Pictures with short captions
--- --- ---
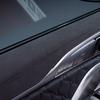 Modern interior of the BMW M850i Edition M Heritage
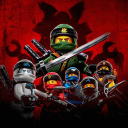 Ninjago: Masters of Storytelling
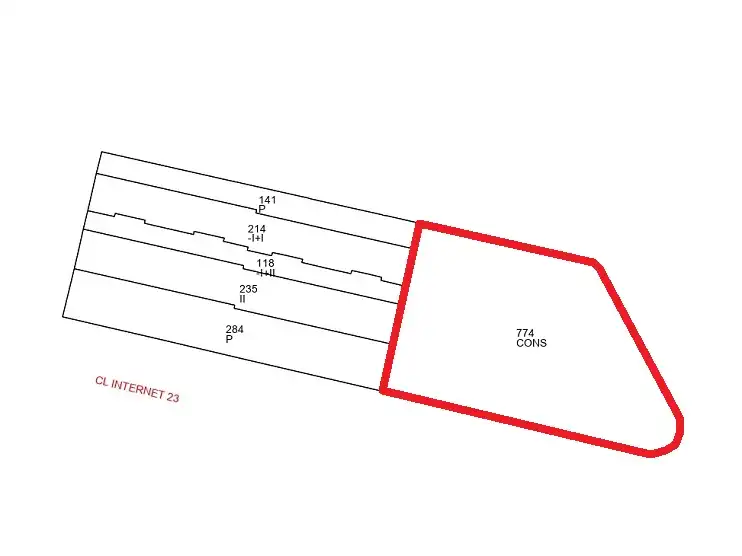 Terreny residencial en venda a Carrer Internet 39, imagen 3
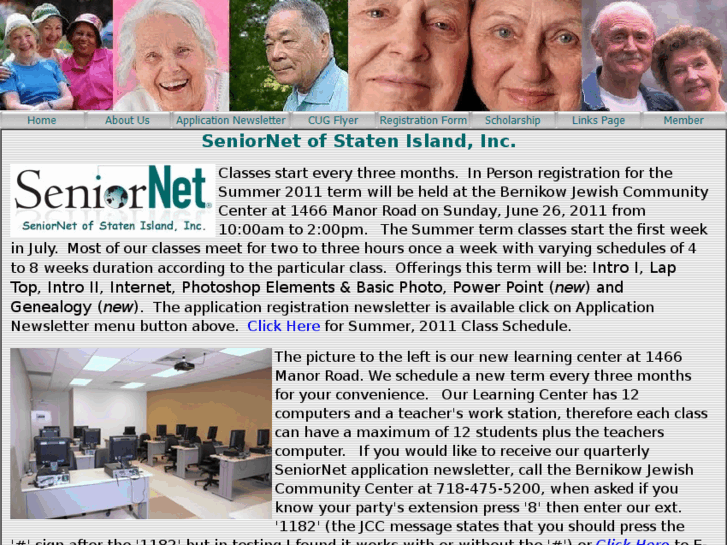 www.seniornetsi.com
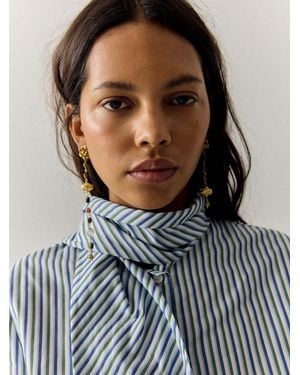 Sita Nevado La Pepi Earrings - Multicolour
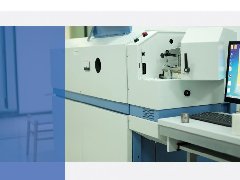 光谱领域的三大顶级产品 ，三天王现已集齐，满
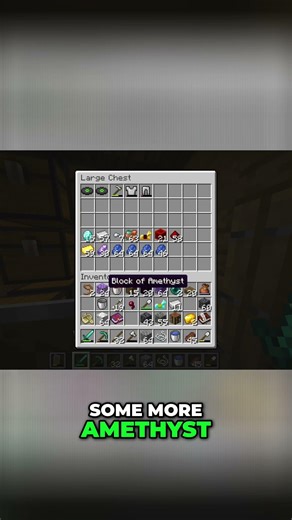 Mining Trip: Loot & Enchantment Table! #minecraft #minecraftsurvival #minecraftletsplay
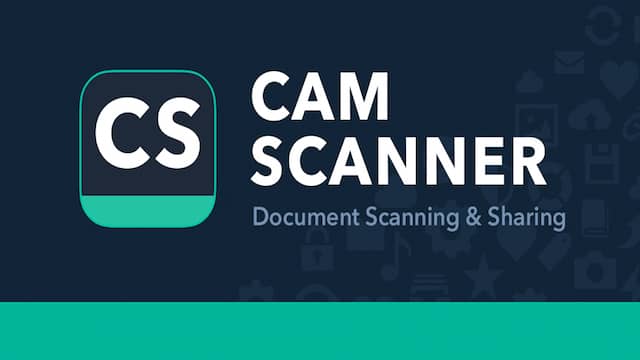 تحميل برنامج CamScanner للكمبيوتر مهكر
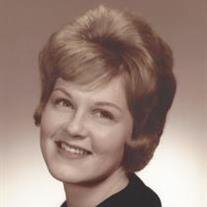 Patricia  Ann (Flynn) Swett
--- --- ---
### [What you are asked to do]
Apart from the pictures, repeat every entry exactly.

### [Completed exercise]
 Modern interior of the BMW M850i Edition M Heritage
 Ninjago: Masters of Storytelling
 Terreny residencial en venda a Carrer Internet 39, imagen 3
 www.seniornetsi.com
 Sita Nevado La Pepi Earrings - Multicolour
 光谱领域的三大顶级产品 ，三天王现已集齐，满
 Mining Trip: Loot & Enchantment Table! #minecraft #minecraftsurvival #minecraftletsplay
 تحميل برنامج CamScanner للكمبيوتر مهكر
 Patricia  Ann (Flynn) Swett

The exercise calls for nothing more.